Abweichend von § 7 genügt es, wenn im Zeitpunkt der Entscheidung über den Antrag auf Anerkennung wenigstens 60 Plätze vorhanden sind, sofern gewährleistet ist, daß die Werkstatt im Endausbau, spätestens nach 5 Jahren, die Voraussetzungen des § 7 erfüllt.

§ 18

Antrag

(1) Die Anerkennung ist vom Träger der Werkstatt schriftlich zu beantragen. Der Antragsteller hat nachzuweisen, daß die Voraussetzungen für die Anerkennung vorliegen.

(2) Der Präsident der Bundesanstalt für Arbeit kann die Befugnis nach § 57

Abs. 1 Satz 2 des Schwerbehindertengesetzes zur Entscheidung über Anträge auf Anerkennung sowie über Aufhebung und Verlängerung von Befristungen der Anerkennung sowie Widerruf und Rücknahme der Anerkennung nach einer Übergangszeit von 3 Jahren auf die Präsidenten der Landesarbeitsämter übertragen.
(3) Die Entscheidung über den Antrag bedarf der Schriftform. Eine Entscheidung soll innerhalb von 3 Monaten seit Antragstellung getroffen werden.

(4) Die Anerkennung erfolgt mit der Auflage, im Geschäftsverkehr auf die Anerkennung als Werkstatt für Behinderte hinzuweisen.

Dritter Abschnitt: Schlußvorschriften

§ 19

Vorläufige Anerkennung

Vorläufige Anerkennungen, die vor Inkrafttreten dieser Verordnung von der Bundesanstalt für Arbeit ausgesprochen worden sind, behalten ihre Wirkung bis zur Unanfechtbarkeit der Entscheidung über den neuen Antrag auf Anerkennung, wenn dieser Antrag innerhalb von 3 Monaten nach Inkrafttreten dieser Verordnung gestellt wird.

§ 20

Abweichende Regelungen für Werkstätten im Beitrittsgebiet

Für Werkstätten in dem in Artikel 3 des Einigungsvertrages genannten Gebiet gilt diese Verordnung mit folgender Abweichung:

1. Die Vorschriften des § 9 Abs. 2 Satz 3 und Abs. 3 Satz 5 gelten für die von dem Bundesland für die Aufgabenerfüllung in dem betreffenden Einzugsgebiet vorgesehene Werkstatt (Werkstatt des Einzugsgebietes) mit der Maßgabe, daß der Werkstattleiter und wenigstens ein Drittel der Fachkräfte zur Arbeits- und Berufsförderung bis zum 31. Dezember 1995, ein weiteres Drittel bis zum 31. Dezember 1998 und das letzte Drittel spätestens bis zum 31. Dezember 2001 über die sonderpädagogische Zusatzqualifikation verfügen müssen.

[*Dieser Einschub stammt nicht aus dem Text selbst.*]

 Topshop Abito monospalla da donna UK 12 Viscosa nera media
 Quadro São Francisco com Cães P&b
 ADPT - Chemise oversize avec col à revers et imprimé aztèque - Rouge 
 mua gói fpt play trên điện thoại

2. Die sonderpädagogische Zusatzqualifikation nach § 9 Abs. 2 und 3 braucht nicht nachgeholt zu werden von Personen, die vor dem 1. Januar 1993

a) das 50. Lebensjahr vollendet haben und

b) zehn Jahre in einer Werkstatt für Behinderte oder einer anderen Einrichtung für Behinderte in entsprechender Funktion tätig waren.

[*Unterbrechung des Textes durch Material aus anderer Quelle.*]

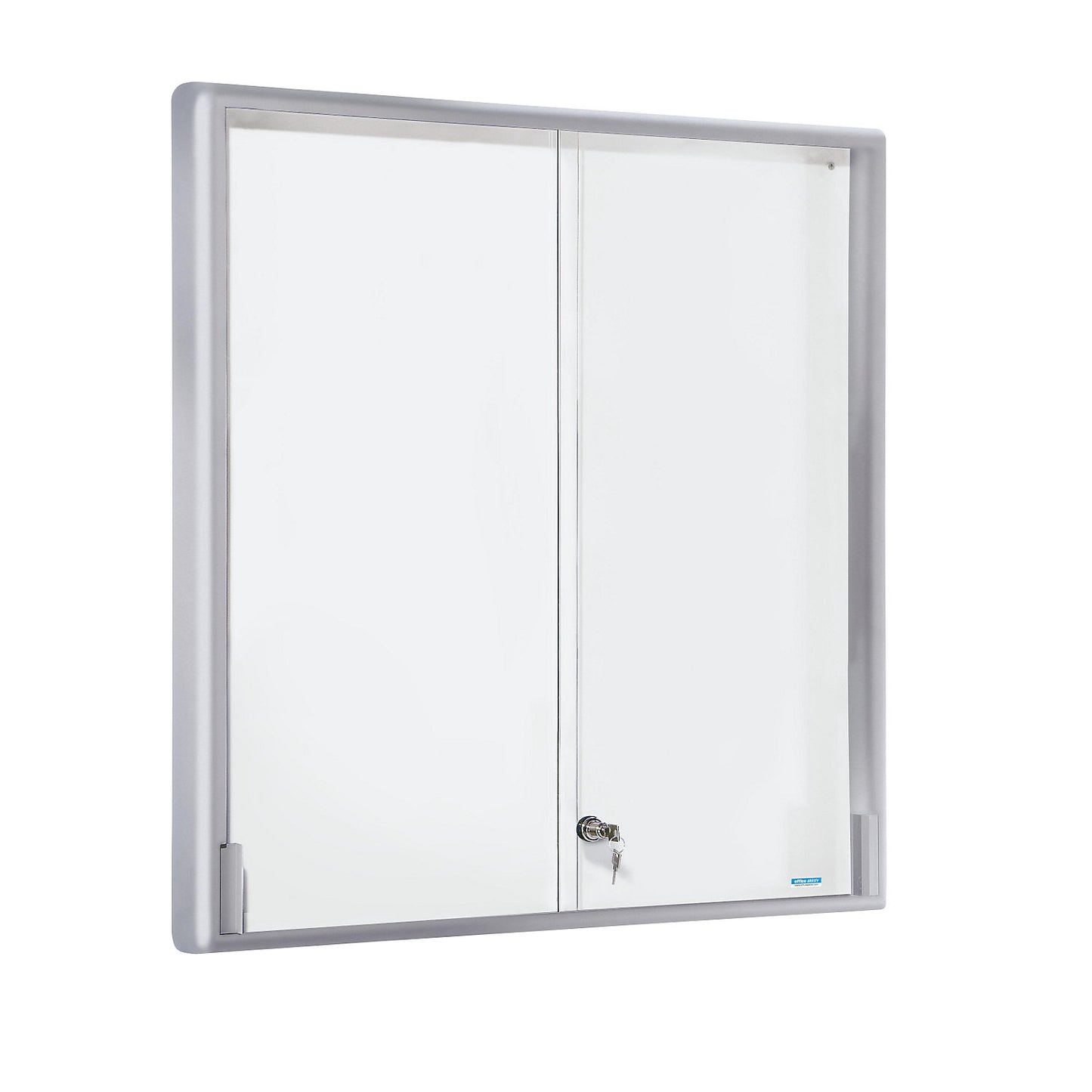 Display case, aluminium frame, sliding doors, 12 x A4, WxHxD 910 x 970 x 50 mm, round frame corners.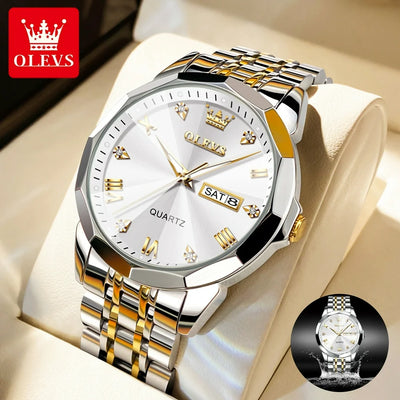 Diamond Watch for Men Luxury Business Quartz Stainless Steel Date Watch Luminous Waterproof Reloj Para Hombre, Gifts for Men, Adult Male Wristwatch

3. § 17 ist mit folgenden Maßgaben anzuwenden:

a) Werkstätten, die in der Zeit vom 1. Juli 1990 bis 31. Dezember 1992 unter Auflagen befristet bis zum 31. Dezember 1992 anerkannt worden sind, bleiben bis zum 30. Juni 1993 vorläufig anerkannt, wenn der Antrag auf Verlängerung der Anerkennung und Darlegung, inwieweit die Anforderungen und erteilten Auflagen inzwischen erfüllt werden, spätestens bis zum 31. Dezember 1992 gestellt wird und über diesen Antrag vor dem 30. Juni 1993 nicht unanfechtbar entschieden worden ist.

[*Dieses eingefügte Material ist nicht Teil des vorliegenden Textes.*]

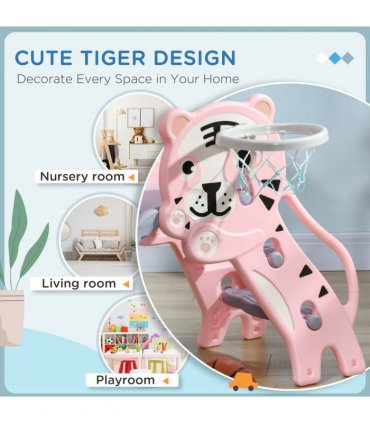 AIYAPLAY Kids Slide with Basketball Hoop, Basketball, for 18-36 Months, Pink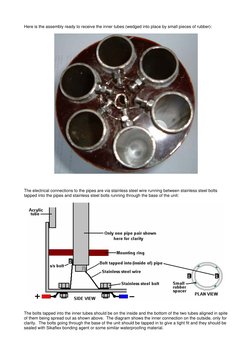 Here is the assembly ready to receive the inner tubes (wedged into place by small pieces of rubber): 
 
 
 
 
 
The electrica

b) Werkstätten im Sinne des Buchstabens a können, auch wenn die Voraussetzungen nach Absatz 3 nicht erfüllt werden, über den 30. Juni 1993 hinaus vorübergehend unter Auflagen befristet anerkannt werden, bis die von dem Bundesland für die Aufgabenerfüllung in dem betreffenden Einzugsgebiet vorgesehene anerkannte Werkstatt (Werkstatt des Einzugsgebietes) die Behinderten der vorübergehend anerkannten Werkstatt voraussichtlich aufnehmen kann, längstens aber bis zum 30. Juni 1995. Durch die Auflagen ist sicherzustellen, daß die in § 54 des Schwerbehindertengesetzes und im Ersten Abschnitt dieser Verordnung gestellten Anforderungen soweit wie in der Übergangszeit möglich und wirtschaftlich vertretbar erfüllt werden.

c) Werkstätten im Sinne des Buchstabens a, die nach Buchstabe b vorübergehend anerkannt worden sind, können über den 30. Juni 1995 hinaus um jeweils ein weiteres Jahr vorläufig anerkannt werden, wenn die Werkstatt des Einzugsgebietes die Behinderten der vorübergehend anerkannten Werkstatt zu diesem Zeitpunkt noch nicht aufnehmen kann.

d) Bei der Verlängerung der Anerkennung von Werkstätten im Sinne des Buchstabens a nach § 17 Abs. 3 rechnet die in dem dortigen Satz 2 bestimmte Fünfjahresfrist vom Erlaß der Entscheidung über den Verlängerungsantrag an.

§ 21

Inkrafttreten

Diese Verordnung tritt am Tage nach der Verkündung in Kraft.